Solana (SOL) Faces Bearish Pressure as Technical Indicators Signal Range-Bound Trading
Solana (SOL) hasn’t enjoyed much positive momentum in its price trajectory lately. It encountered resistance around $160, stemming from a higher timeframe imbalance, and has since settled into a range-bound pattern.
This range spans from $156 to $116.3, with technical indicators signaling a bearish bias. A recent report by AMBCrypto shed light on the concerning Open Interest situation behind SOL, further accentuating its bearish prospects.
The midpoint of this range, pegged at $136.6, appears to be SOL’s current target as it gravitates towards a retest, likely to face resistance in the near term.
On the 12-hour chart, the RSI remains below the neutral 50 mark, indicating a prevailing bearish momentum with a reading of 40.57. The OBV has been on a gradual decline throughout the latter half of April, albeit showing a slight rebound in the past couple of days.
A breach of the OBV support would signify strengthening selling pressure on SOL, potentially driving prices below the range lows at $116. As per the internal structure analysis, $122 emerges as a critical support level for Solana’s price.

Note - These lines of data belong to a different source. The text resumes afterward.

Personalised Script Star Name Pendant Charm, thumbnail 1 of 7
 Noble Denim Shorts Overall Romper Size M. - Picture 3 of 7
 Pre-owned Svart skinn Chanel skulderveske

There’s an underlying sense of fear in the market, exemplified by the movement to $116 on April 13th, followed by a rebound that suggested liquidity around $120 had already been absorbed.
Presently, the next significant liquidity pool is positioned around $100, while resistances to the upside lie at $160 and $145.
Considering the price action dynamics and technical indicators, a descent towards $100 or even $92 wouldn’t come as a surprise.